Every record that appears below should be transcribed exactly.

[EXERCISE INPUT Boundary: Start]

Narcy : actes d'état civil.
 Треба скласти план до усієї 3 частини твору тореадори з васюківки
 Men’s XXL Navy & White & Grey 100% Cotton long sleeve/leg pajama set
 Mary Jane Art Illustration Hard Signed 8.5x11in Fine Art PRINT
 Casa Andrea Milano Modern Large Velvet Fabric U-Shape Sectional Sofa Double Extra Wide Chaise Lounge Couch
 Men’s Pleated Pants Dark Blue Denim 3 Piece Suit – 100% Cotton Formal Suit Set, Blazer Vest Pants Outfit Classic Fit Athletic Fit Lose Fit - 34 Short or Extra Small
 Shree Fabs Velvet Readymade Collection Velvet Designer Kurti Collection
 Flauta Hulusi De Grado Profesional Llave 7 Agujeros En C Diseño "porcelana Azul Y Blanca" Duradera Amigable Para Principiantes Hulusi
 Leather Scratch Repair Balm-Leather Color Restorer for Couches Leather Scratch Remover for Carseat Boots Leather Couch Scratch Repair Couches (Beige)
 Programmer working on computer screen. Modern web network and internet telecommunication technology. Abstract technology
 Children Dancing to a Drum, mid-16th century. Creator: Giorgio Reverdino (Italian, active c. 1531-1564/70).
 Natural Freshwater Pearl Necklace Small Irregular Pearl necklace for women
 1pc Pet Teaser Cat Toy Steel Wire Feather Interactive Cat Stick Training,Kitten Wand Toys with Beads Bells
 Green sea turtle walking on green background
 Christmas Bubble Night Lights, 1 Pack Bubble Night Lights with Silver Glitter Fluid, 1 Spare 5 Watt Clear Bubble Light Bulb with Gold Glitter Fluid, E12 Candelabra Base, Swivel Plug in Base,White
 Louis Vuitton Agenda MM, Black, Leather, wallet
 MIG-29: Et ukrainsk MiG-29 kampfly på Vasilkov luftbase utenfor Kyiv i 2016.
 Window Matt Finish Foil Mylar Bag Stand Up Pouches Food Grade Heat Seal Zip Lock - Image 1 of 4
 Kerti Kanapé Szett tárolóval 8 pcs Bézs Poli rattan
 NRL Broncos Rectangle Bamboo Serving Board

[EXERCISE INPUT Boundary: End]

### RESPONSE
Narcy : actes d'état civil.
 Треба скласти план до усієї 3 частини твору тореадори з васюківки
 Men’s XXL Navy & White & Grey 100% Cotton long sleeve/leg pajama set
 Mary Jane Art Illustration Hard Signed 8.5x11in Fine Art PRINT
 Casa Andrea Milano Modern Large Velvet Fabric U-Shape Sectional Sofa Double Extra Wide Chaise Lounge Couch
 Men’s Pleated Pants Dark Blue Denim 3 Piece Suit – 100% Cotton Formal Suit Set, Blazer Vest Pants Outfit Classic Fit Athletic Fit Lose Fit - 34 Short or Extra Small
 Shree Fabs Velvet Readymade Collection Velvet Designer Kurti Collection
 Flauta Hulusi De Grado Profesional Llave 7 Agujeros En C Diseño "porcelana Azul Y Blanca" Duradera Amigable Para Principiantes Hulusi
 Leather Scratch Repair Balm-Leather Color Restorer for Couches Leather Scratch Remover for Carseat Boots Leather Couch Scratch Repair Couches (Beige)
 Programmer working on computer screen. Modern web network and internet telecommunication technology. Abstract technology
 Children Dancing to a Drum, mid-16th century. Creator: Giorgio Reverdino (Italian, active c. 1531-1564/70).
 Natural Freshwater Pearl Necklace Small Irregular Pearl necklace for women
 1pc Pet Teaser Cat Toy Steel Wire Feather Interactive Cat Stick Training,Kitten Wand Toys with Beads Bells
 Green sea turtle walking on green background
 Christmas Bubble Night Lights, 1 Pack Bubble Night Lights with Silver Glitter Fluid, 1 Spare 5 Watt Clear Bubble Light Bulb with Gold Glitter Fluid, E12 Candelabra Base, Swivel Plug in Base,White
 Louis Vuitton Agenda MM, Black, Leather, wallet
 MIG-29: Et ukrainsk MiG-29 kampfly på Vasilkov luftbase utenfor Kyiv i 2016.
 Window Matt Finish Foil Mylar Bag Stand Up Pouches Food Grade Heat Seal Zip Lock - Image 1 of 4
 Kerti Kanapé Szett tárolóval 8 pcs Bézs Poli rattan
 NRL Broncos Rectangle Bamboo Serving Board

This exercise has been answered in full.